Die entsprechende Bekanntmachung wurde am 27. August 2026 im Bundesanzeiger veröffentlicht. Beschlossen worden waren die Änderungen vom G-BA in seinen Sitzungen am 16. April und 21. Mai 2026.
Schon der neue Name macht deutlich, worum es künftig gehen soll: Aus der MD-Qualitätskontroll-Richtlinie wird die
„MD-Qualitätsprüfungs-Richtlinie“, kurz MD-QP-RL.
Doch hinter der sprachlichen Änderung steckt eine weitreichende Neuordnung des gesamten Prüfverfahrens.
Wann darf der Medizinische Dienst ein Krankenhaus prüfen?
Die neue Richtlinie beschreibt genauer, wann Qualitätsprüfungen stattfinden können.
Grundsätzlich sind drei Konstellationen vorgesehen:
- Es bestehen konkrete Anhaltspunkte für Qualitätsmängel.
- Ein Krankenhaus wird im Rahmen einer Stichprobe ausgewählt.
- Es besteht ein konkreter Anlass für eine Prüfung bestimmter Qualitätsanforderungen.

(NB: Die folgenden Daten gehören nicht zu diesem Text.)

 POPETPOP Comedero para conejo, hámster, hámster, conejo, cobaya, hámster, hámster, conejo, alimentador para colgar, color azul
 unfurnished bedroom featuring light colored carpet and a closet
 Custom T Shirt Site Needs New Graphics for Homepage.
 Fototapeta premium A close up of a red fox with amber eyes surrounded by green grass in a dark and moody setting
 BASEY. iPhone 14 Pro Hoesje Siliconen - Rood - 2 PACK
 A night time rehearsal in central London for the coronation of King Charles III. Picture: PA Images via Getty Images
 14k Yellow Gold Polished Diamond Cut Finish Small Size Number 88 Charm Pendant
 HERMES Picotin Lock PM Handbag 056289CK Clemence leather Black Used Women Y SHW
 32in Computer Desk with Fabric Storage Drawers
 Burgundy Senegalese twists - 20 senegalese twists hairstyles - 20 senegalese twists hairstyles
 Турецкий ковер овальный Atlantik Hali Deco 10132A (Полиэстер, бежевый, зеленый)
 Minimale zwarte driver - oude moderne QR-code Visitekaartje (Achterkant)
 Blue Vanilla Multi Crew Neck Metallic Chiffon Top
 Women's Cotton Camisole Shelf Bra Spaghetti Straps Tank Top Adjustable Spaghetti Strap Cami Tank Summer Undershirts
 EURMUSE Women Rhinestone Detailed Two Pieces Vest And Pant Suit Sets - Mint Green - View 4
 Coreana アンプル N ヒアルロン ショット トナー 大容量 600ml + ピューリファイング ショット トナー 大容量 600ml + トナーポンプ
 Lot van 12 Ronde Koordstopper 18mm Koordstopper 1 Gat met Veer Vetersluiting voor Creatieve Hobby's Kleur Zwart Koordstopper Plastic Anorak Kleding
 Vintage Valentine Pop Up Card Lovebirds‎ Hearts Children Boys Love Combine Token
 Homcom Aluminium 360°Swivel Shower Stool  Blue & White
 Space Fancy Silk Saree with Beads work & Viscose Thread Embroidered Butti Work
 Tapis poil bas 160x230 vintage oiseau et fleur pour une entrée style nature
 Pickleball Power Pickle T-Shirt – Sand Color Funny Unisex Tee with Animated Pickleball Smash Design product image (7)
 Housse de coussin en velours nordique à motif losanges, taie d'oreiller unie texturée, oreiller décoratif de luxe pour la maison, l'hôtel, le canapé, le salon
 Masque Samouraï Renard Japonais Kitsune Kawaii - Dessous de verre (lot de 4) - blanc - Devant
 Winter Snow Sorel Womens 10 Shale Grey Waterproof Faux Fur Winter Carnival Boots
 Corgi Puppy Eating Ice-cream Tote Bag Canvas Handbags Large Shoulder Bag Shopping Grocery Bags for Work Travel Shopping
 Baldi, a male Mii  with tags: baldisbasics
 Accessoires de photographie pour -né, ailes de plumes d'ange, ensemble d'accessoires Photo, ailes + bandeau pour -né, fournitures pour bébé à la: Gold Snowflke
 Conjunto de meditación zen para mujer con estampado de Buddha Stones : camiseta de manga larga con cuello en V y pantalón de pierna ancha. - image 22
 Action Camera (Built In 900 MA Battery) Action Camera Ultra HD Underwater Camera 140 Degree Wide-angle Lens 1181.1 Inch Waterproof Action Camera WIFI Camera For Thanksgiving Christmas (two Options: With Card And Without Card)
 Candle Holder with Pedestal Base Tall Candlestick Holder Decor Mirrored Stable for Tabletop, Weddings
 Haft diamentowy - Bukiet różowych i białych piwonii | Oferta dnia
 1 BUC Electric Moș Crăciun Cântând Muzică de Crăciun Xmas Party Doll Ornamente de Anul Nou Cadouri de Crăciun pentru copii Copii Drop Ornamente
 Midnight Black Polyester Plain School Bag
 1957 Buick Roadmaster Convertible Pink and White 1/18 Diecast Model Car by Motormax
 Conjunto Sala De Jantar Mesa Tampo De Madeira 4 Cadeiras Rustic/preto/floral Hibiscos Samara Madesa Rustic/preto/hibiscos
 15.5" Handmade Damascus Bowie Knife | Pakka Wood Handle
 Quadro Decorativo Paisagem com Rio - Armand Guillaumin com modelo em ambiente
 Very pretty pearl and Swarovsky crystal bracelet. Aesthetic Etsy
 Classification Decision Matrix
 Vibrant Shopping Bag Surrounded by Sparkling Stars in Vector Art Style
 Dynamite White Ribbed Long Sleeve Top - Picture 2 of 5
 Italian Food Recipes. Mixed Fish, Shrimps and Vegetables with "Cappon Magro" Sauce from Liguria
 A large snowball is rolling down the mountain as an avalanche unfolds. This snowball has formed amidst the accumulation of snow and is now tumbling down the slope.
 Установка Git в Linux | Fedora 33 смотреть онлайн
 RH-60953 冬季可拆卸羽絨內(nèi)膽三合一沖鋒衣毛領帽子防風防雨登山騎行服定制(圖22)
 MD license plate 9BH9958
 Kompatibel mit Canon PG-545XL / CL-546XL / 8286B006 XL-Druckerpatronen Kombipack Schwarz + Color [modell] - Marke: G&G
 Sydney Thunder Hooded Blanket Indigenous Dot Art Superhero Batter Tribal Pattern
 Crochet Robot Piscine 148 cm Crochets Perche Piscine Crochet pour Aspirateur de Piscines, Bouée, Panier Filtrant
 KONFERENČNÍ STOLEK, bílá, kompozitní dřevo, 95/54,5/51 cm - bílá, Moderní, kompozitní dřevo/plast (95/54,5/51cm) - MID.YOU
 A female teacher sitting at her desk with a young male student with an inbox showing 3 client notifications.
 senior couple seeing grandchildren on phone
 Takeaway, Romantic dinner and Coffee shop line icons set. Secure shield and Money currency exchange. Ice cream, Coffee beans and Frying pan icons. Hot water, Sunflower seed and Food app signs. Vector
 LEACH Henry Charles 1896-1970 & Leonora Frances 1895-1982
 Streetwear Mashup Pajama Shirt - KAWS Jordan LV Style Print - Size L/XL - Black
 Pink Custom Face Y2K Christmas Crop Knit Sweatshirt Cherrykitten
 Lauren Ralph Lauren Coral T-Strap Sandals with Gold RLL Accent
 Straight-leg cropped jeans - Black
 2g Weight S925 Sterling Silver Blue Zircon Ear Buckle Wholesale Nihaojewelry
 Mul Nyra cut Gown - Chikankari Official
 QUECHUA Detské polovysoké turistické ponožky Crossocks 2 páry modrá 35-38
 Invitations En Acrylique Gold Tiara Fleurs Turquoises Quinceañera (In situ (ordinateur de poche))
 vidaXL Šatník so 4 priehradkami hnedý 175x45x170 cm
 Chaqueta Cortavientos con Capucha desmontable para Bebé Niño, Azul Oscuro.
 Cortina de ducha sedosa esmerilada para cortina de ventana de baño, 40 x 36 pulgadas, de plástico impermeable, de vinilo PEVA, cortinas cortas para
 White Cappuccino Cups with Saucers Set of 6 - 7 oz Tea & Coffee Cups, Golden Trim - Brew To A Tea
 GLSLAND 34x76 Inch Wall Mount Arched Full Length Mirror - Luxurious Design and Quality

Die Prüfungen betreffen unter anderem die korrekte Dokumentation im Rahmen der Qualitätssicherung sowie die Einhaltung gesetzlich und durch den G-BA festgelegter Qualitätsanforderungen in Krankenhäusern.
Damit soll der Medizinische Dienst nicht allgemein und ohne konkreten Rahmen tätig werden. Für jede Prüfung muss festgelegt sein, was genau untersucht werden soll und auf welcher Grundlage die Prüfung erfolgt.
Beschwerden von Patienten können eine Prüfung auslösen
Besonders interessant ist die Konkretisierung der möglichen Hinweise auf Qualitätsprobleme.
Anhaltspunkte können beispielsweise entstehen durch auffällige oder unplausible Angaben in Qualitätsberichten, Erkenntnisse aus Abrechnungsprüfungen oder Informationen, die Krankenkassen bei der Unterstützung ihrer Versicherten erhalten.
Auch Meldungen von Patienten oder anderen Personen können eine Rolle spielen.
Dabei genügt jedoch nicht jede einzelne Behauptung automatisch für eine Qualitätsprüfung. Die Richtlinie verlangt „konkrete und belastbare Anhaltspunkte“. Ein möglicher Qualitätsmangel muss einem konkreten Prüfgegenstand zugeordnet und nachvollziehbar begründet werden können.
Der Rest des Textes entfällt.